Gli avevano dato fin troppe delusioni quella mattina.
-Non sei in vena per un litigio? Guardalo, Mickey. Guarda come si è ridotto per quella merda. Guarda che cosa fa lo schifo che gira per le strade, quello che ha creato il Comico. Come hai potuto permettere che si riducesse in questo stato? Come fai a guardarti allo specchio e a non sentirti un pezzo di merda?-
-Non provare neanche a scaricare la colpa su di me. Sei tu quello che se ne è andato e ci ha abbandonato. Non dimenticarti che mentre tu eri a fare la “bella vita”, io e Fieldy eravamo qui a rischiare la vita per mangiare-
I due si guardarono dritto negli occhi. Erano a pochi centimetri l’uno dall’altro, uno spazio più che sufficiente affinché un pugno potesse colpire il bersaglio.

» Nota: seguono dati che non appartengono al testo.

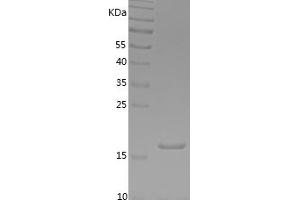 Western Blotting (WB) image for Interferon gamma (IFNG) (AA 24-166) protein (His tag) (ABIN7123489) (Interferon gamma Protein (IFNG) (AA 24-166) (His tag))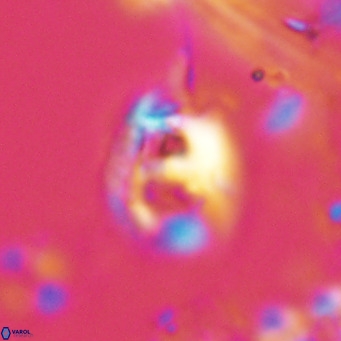 Helicosphaerella truncata VR 028582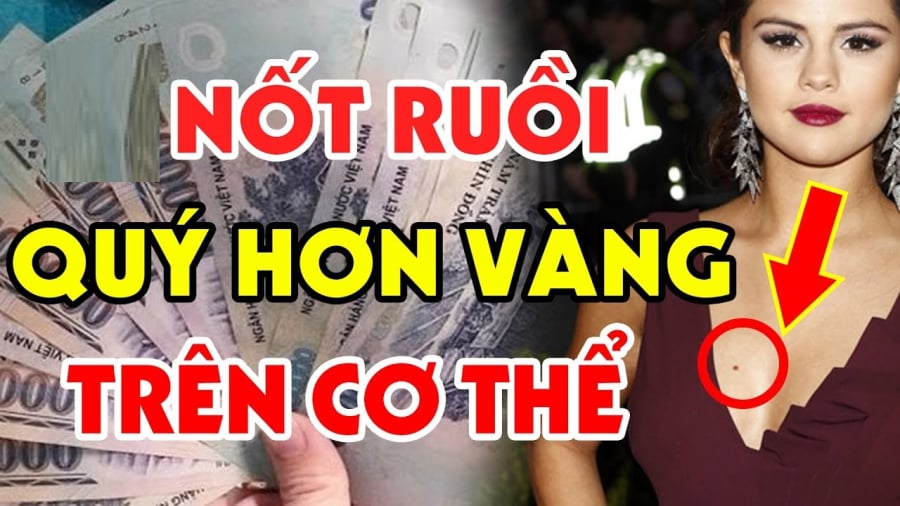 Xem tướng nốt ruồi trên Sh88bet đăng ký miễn phí cũng đoán định được vận số tương lai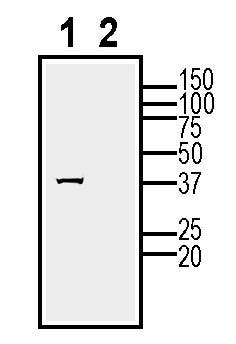 Anti-GPRC5A Antibody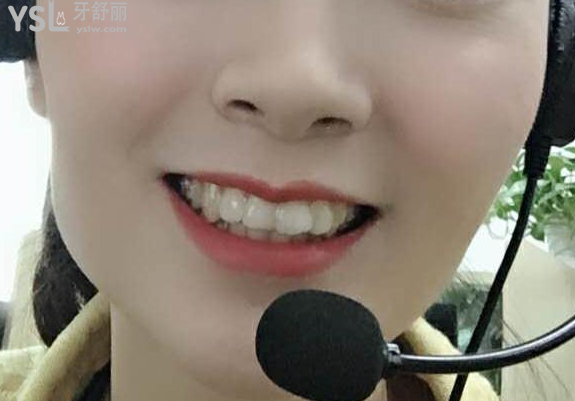 帶牙套后悔一輩子，我覺得不帶牙套才會后悔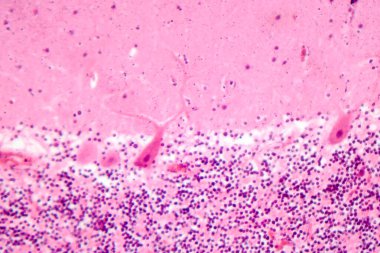 İnsan beyinciği, Purkinje hücrelerini, granüler hücreleri ve motor koordinasyon ve dengede yer alan moleküler katmanı gösteren fotoğraf mikroskobu..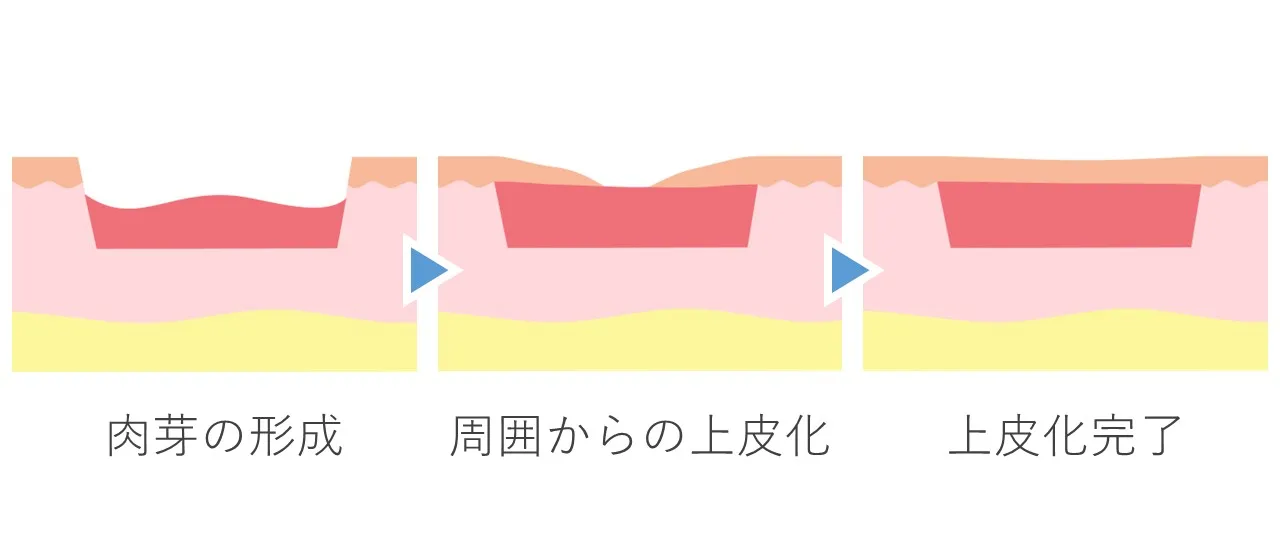アブレージョン後に形成される肉芽組織が、欠損した真皮を埋め、へこみを平坦化させる様子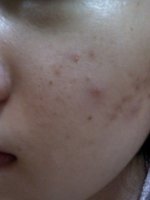 달팽이크림사용법3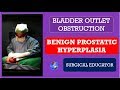 Benign prostatic hyperplasia how to diagnose  treat  bladder outlet obstruction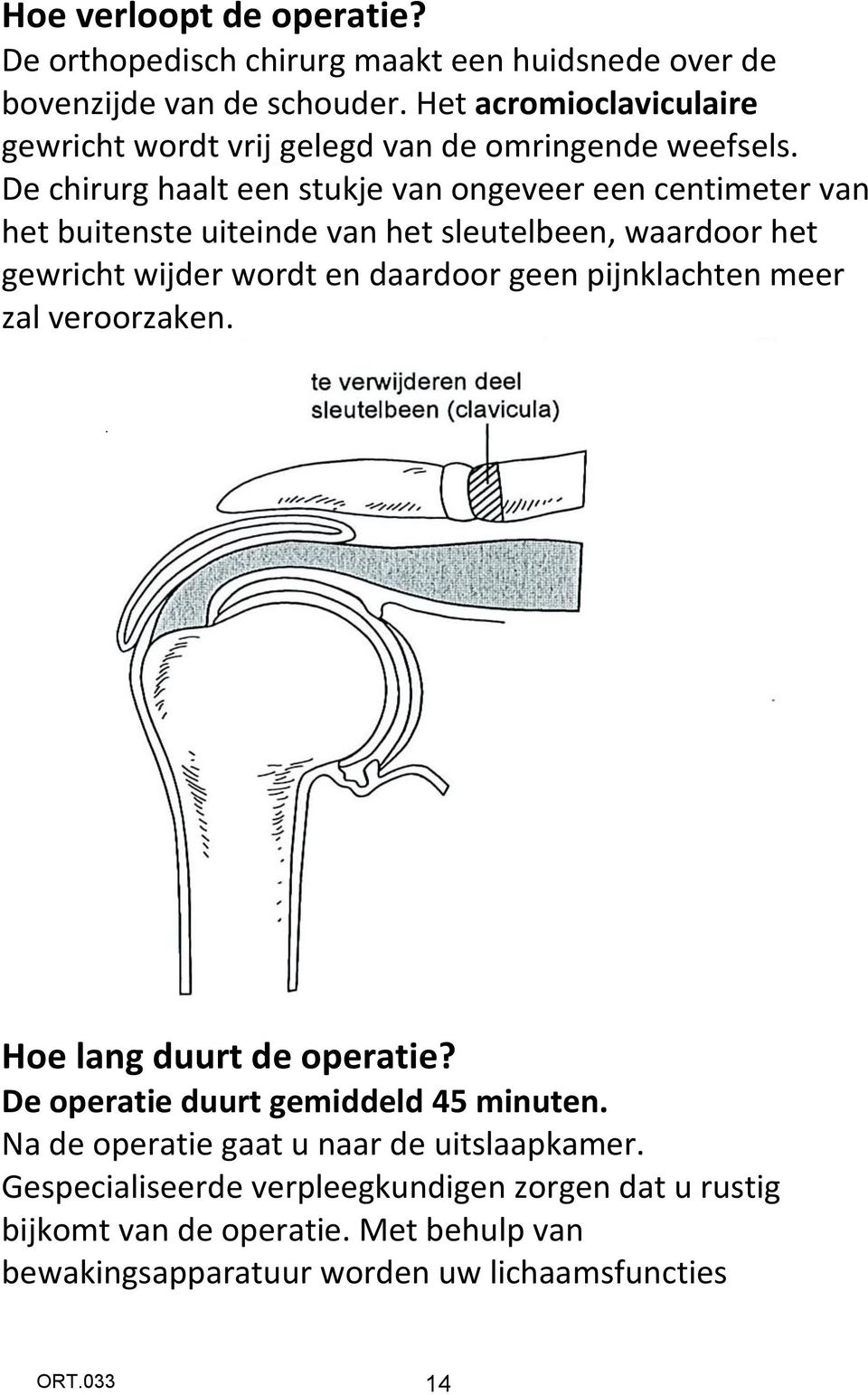 De chirurg haalt een stukje van ongeveer een centimeter van het buitenste uiteinde van het sleutelbeen, waardoor het gewricht wijder wordt en daardoor geen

-Io non vi ho abbandonato. Quante volte ho cercato di trovarti un lavoro? Quante volte ti ho aiutato ad uscire da questo postaccio? Tu non ne hai mai voluto sapere. Hai sempre voluto rimanere per queste strade, a fare il teppista con quei pezzi di merda dei tuoi amici. Scommetto che frequenti ancora Slug, non è vero?-
Francis gli ringhiò contro quelle parole, ma Munky abbassò le armi prima del previsto. Questo spostò lo sguardo verso il basso.
-Non è vero?- ripeté il gatto con più enfasi.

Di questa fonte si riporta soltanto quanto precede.